【夢を叶えるために】新しいスパイクより、試合の評価より、子どもが欲しいものって?
サカママWEBをご覧の皆様、初めまして!
元なでしこリーガー(女子サッカー選手)の吉野有香(ゆか)と申します。
24歳でサッカーを引退後、独学で勉強、そして自身の経験を生かし、メンタルコーチとして起業しました。コーチング実績は1000人以上。全国でメンタルや夢に関する講演、褒めることに特化したサッカー・フットサル教室などを行っています。
今月からサカママライターとして、コラムを書かせていただくことになりましたので、よろしくお願いします!
さて、2021年スタートということで、今月は「夢」についてお伝えしていきたいと思います。
今まで、たくさんの子どもたちと出会ってきましたが、堂々とみんなの前で夢を語れる子もいれば、夢をうまく言葉に出来ない子もいました。ですが、どんな子も同じだけの可能性を秘めていると私はいつも感じています。
子どもたちが夢を持ち、それに向かって努力する。そのために大人ができることについて考えてみましょう。
夢は「思うこと」から全てが始まる
夢を叶えていく前提として、「当たり前に夢は叶う」と信じることが、まずいちばん大事だと考えています。
才能がないから、足が速くないから、体力がないから、技術がないから・・・様々な言い訳を取っ払い、「できる、できる、できる」と心の底から思うことが、とにかくとても大事です。まず「思う」というところから全ては始まります。
というのも、夢を叶える方法や、目標設定の方法を知り、それらを実践したところで、自分の可能性を信じてあげられなかったら、根本的に向かう方向がずれてしまうからです。
それでは、子どもたちが自分を信じられるようになるために、私たち大人は何をしてあげられるのでしょうか?
キーワードは「安心」です。
私がサッカーに明け暮れた子どもの頃、両親にいちばん求めていたものが「安心」でした。新しいスパイクでも、かっこいいウェアでも、サッカーの知識でも、試合での評価でもなく、ただ「安心」が欲しかったことを鮮明に覚えています。
子どもにとって「安心」とは?
「安心」と言っても、一体どういうことか、ピンと来ない方も多いかと思います。「帰る場所」とでも言い換えましょうか。どんなプレーをしても、どんな結果でも、どんな私でも、受け入れてくれる場所が欲しかったのです。
いちばん怖いのは「否定されること」。自分の選択したプレーを、私のサッカー観を、ただ否定されること。これがいちばん怖かったし、辛かったです。そんな幼少期を思い出すと、今でもとても苦しくなります。
私の家庭は、サッカーに関していうと母が否定するタイプでした。「あれがダメ」「それがダメ」「あの子と比べて全然ダメ」そんなことを言われ続けました。
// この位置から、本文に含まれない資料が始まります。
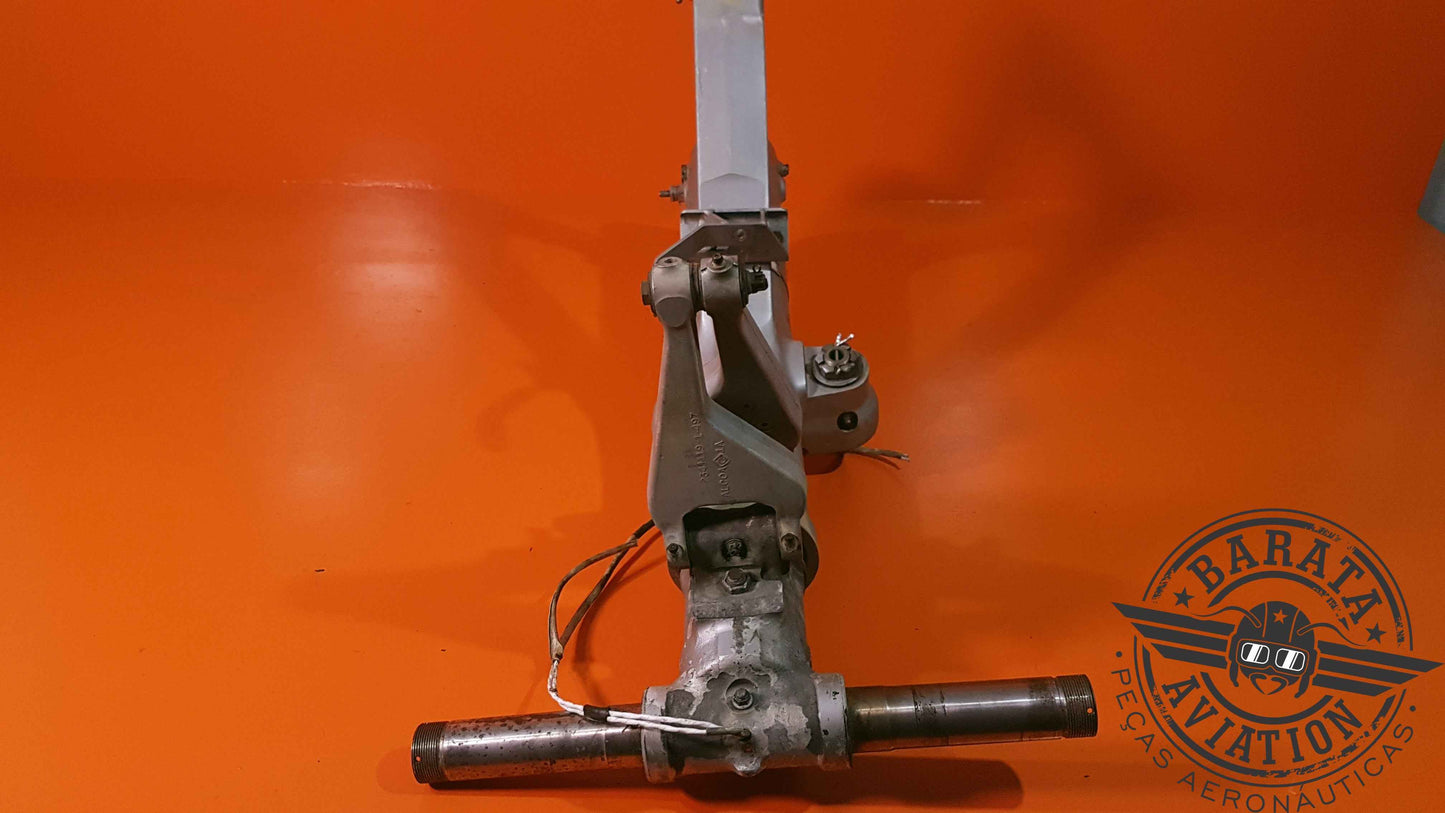 5441100-69 Learjet Strut Assy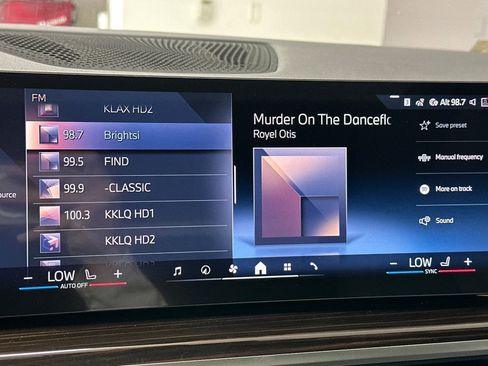 Used 2026 BMW X5 sDrive40i image 22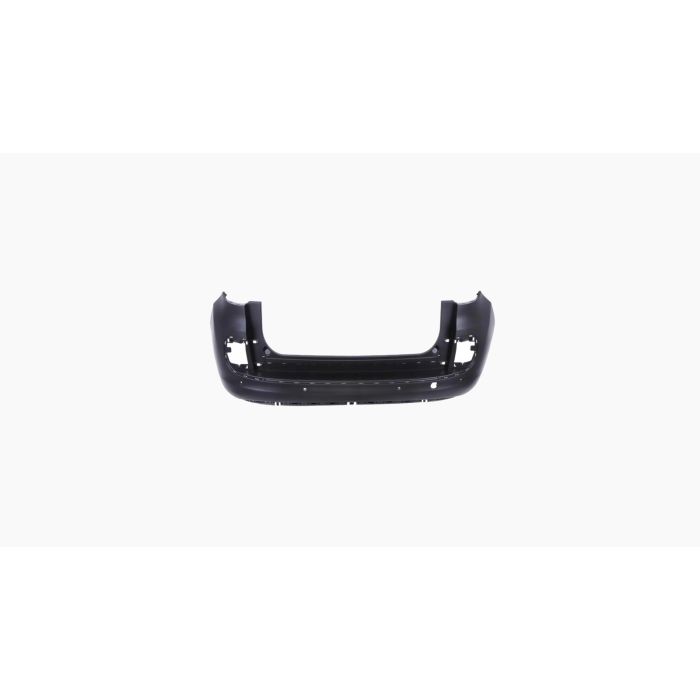 Achterbumper voor FIAT 500L 2012-2017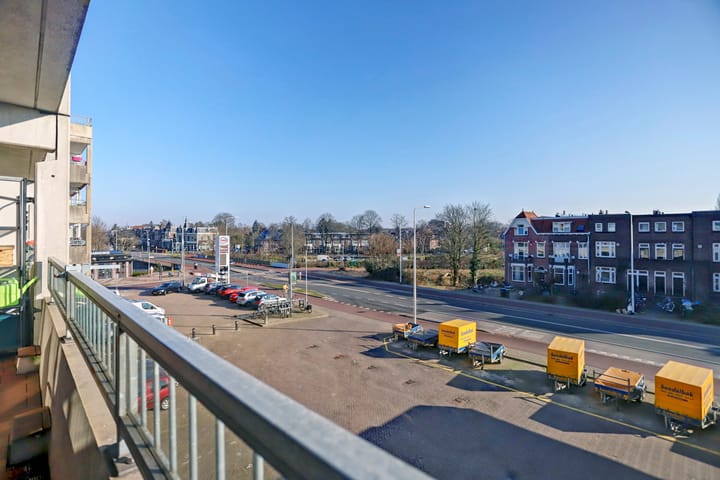 Foto 37 van St. Annastraat 186-F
今思えば、それは母の愛情で、もっと上手くなってほしいという強い思いの裏返しだったとわかります。
しかし、まだ小学生の私は、否定されることが怖くて、のびのびしたプレーができなくなってしまった時期もありました。そんな時に「あなたはあなたのやりたいようにやってみたら?」と言われたら、どれほど気持ちが楽になったか。
ハッキリ言ってサッカーに成功はないのです。だから面白いのです。他の子が考えつかないようなプレーができることは、素晴らしいことです。サッカーのプレーは多数決では決まりません。ボールを持った選手が決めるのです。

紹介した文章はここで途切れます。